Paris : "Beaucoup sont rentrés sans manger" après la suspension des distributions alimentaires dans certains quartiers populaires
"Ça dépanne bien. Dès que j’y vais, il y a toujours une association qui distribue quelque chose : une soupe, ou du riz et du poulet. Du coup, maintenant, je ne sais pas comment ça va s’organiser". Les années à la rue se lisent sur le visage de Lala*. À 46 ans, la Parisienne connaît bien les repas chauds du quartier de Jaurès et Stalingrad. Mais ce mardi 10 octobre au soir, Lala n'aura pas droit à son dîner.

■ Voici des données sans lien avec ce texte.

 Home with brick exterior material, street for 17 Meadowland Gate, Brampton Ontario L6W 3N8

Signé subitement par le préfet de police de Paris, Laurent Nuñez, un arrêté interdit aux associations de distribuer des repas aux plus pauvres. La mesure doit durer un mois, jusqu'au 10 novembre, dans certaines artères des 10e et 19e arrondissements de Paris, autour des métros Stalingrad et Jaurès. Selon les autorités, ces distributions favoriseraient la concentration de campements de migrants et de sans-abris dans le secteur. Installée près de la porte d'Aubervilliers, Lala fait donc la manche. Elle qui connaît trop bien l’importance d’avoir à manger.
"C'est une 'incitation au crime'"
"Le premier cerveau, c'est l'estomac. Tant que tu n'as pas mangé, tant que tu n'as pas un logement, tu ne peux rien faire", témoigne Lala. La quadragénaire n'arrive pas à se faire à cette décision des autorités, incompréhensible à ses yeux. "Enlever les denrées alimentaires pour les démunis, c'est paradoxal : c'est une 'incitation au crime', entre guillemets, parce que quand t’as faim, ça rend agressif", témoigne-t-elle.

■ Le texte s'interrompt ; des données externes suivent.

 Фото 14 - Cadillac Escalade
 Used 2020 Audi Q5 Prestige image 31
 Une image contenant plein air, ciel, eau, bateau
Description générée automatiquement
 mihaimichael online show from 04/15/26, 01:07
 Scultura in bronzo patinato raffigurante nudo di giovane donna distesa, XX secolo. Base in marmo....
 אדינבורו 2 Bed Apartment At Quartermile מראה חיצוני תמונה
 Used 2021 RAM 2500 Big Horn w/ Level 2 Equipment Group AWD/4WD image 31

Ces derniers temps, Lala passe ses nuits dans un hôtel social du secteur. Habituée des lieux, elle contredit l’idée selon laquelle ces distributions de repas favorisent de nouveaux campements, ou créent du trouble : "les gens, ils mangent et ils se dispersent". Un avis partagé par une autre riveraine du quartier Stalingrad. "Il n'y avait pas du tout de souci, à mon sens, en rapport avec ces distributions."
"Qu’est-ce qu’ils proposent à ces gens-là ?"
Dans ces quartiers du nord de Paris, la misère est certes pesante, visible à chaque coin de rue. Mais les riverains s'inquiètent de voir la situation des migrants s'aggraver. "Qu’est-ce qu’ils proposent à ces gens-là, de façon plus pérenne ?", se demande Mickaëla, habitante du nord de la capitale depuis 15 ans. "Est-ce une solution d’exclure les gens de ces quartiers ? Ils vont où, après ?"
>> VIDEO. Dans une distribution alimentaire destinée aux étudiants
À cette question, Utopia 56 a sa réponse. L'association d'aide aux étrangers en situation irrégulière et réfugiés dénonce une volonté de faire "place nette", de cacher les pauvres de la capitale, en vue des prochains Jeux olympiques. "Ce sont des personnes qui vont être livrées à elles-mêmes, pendant un mois ! On ne sait même pas pourquoi un mois !"
Des centaines de personnes privées de repas
En catastrophe, Abdenour Dadouche a dû modifier le lieu des repas que distribue son association aux démunis du quartier. "Une chorba pour tous" s'est installée à deux kilomètres de là et forcément, ce changement d'adresse perturbe les bénéficiaires, moins nombreux à toquer à sa porte. "Ce soir, on a distribué 150 repas alors que d'habitude, c'est jusqu’à 500 par jour !"
"Ce décret, c'est comme une injustice parce que ces gens-là, il y en a beaucoup qui sont rentrés sans manger", s'indigne Abdenour. Également révoltée, l’association Utopia 56 a déposé un recours pour contester en justice l’arrêté de la préfecture de police.